Instruments of trade
Even more directly revealing was the following thread, which contained screenshots of the actual moderation tools used by Twitter employees. While the thread unfairly attempts to equate using these tools with shadow-banning, the screenshots don’t show any nefarious activity, nor does it need to to be interesting.
On the contrary, what is shown is convincing precisely because it is so prosaic, so boringly systematic. Here are the various techniques that all social media companies have explained time and time again and they use, but where before we had contained it in the cheerful diplomatic cant of PR, it is now presented without comment: ‘Trends Blacklist’, ‘High Profile ‘, ‘DO NOT TAKE ACTION’ and the rest.

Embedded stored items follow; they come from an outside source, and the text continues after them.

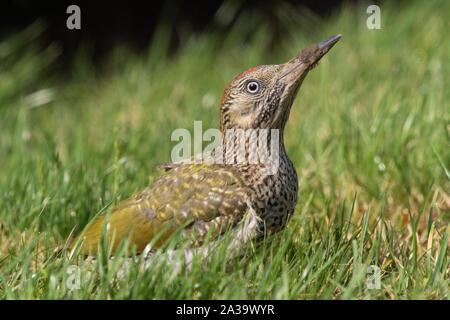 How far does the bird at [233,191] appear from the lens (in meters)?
2.53

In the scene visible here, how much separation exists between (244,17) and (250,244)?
457 cm

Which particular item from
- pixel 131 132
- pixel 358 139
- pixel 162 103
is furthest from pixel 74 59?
pixel 358 139

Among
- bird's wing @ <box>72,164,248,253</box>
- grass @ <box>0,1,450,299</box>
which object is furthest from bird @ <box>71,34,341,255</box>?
grass @ <box>0,1,450,299</box>

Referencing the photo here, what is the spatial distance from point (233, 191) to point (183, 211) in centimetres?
22

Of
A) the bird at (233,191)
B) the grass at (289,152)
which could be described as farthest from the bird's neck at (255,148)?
the grass at (289,152)

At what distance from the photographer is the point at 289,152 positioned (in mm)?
3986

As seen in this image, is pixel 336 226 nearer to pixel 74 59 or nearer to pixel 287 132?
pixel 287 132

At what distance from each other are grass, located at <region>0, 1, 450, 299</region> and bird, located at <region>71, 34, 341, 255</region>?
0.44 feet

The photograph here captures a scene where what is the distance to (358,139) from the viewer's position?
3715 mm

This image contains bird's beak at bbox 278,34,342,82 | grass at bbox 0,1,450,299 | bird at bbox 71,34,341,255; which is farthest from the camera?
bird's beak at bbox 278,34,342,82

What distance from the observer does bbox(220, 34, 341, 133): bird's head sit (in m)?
2.69

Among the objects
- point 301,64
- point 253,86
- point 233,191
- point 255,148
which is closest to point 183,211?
point 233,191

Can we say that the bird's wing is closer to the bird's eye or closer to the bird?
the bird

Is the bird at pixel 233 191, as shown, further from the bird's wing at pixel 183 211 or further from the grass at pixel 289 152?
the grass at pixel 289 152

Meanwhile, Yoel Roth explains that the actions and policies need to be better aligned, that more research is needed, that there are plans to improve:
The hypothesis underlying much of what we have implemented is that if exposure to, say, misinformation directly causes harm, then we should use remedial measures that reduce exposure, and limiting the spread/virality of content is a good way to to do that…we are we’re going to have to make a stronger case to get this into our policy remediation repertoire, especially for other policy areas.
Again, the content contradicts the context in which it is presented: these are hardly the deliberations of a secret liberal cabal lashing out at its ideological foes with a banhammer. It’s an enterprise-grade dashboard as you might see for lead tracking, logistics, or accounts, discussed and iterated by level-headed individuals who work within practical constraints and are focused on satisfying multiple stakeholders.
True to form: Twitter, like its fellow social media platforms, has been working for years to make the moderation process efficient and systematic enough to function at scale. Not only to avoid flooding the platform with bots and spam, but also to comply with legal frameworks such as FTC orders and the GDPR. (Which of which the “expanded, unfiltered access” that outsiders have been given to the tool depicted may constitute a breach. The relevant authorities told businessroundups.org they are “engaging” with Twitter about this.)
A handful of employees making arbitrary decisions without scrutiny or oversight is no way to effectively moderate or meet such legal requirements; neither (like the dismissal several on Twitter’s Trust & Safety Council attests today) is automation. You need a large network of people who work together and work according to a standardized system, with clear boundaries and escalation procedures. And that is certainly evident from the screenshots that Musk has published.
What the documents fail to show is any kind of systematic bias, which Musk’s stand-ins insinuate but fail to fully substantiate. But whether or not it fits the narrative they want, what gets published is of interest to anyone who thinks these companies should be more forthright about their policies. That’s a win for transparency, even if Musk’s opaque approach brings it about more or less by accident.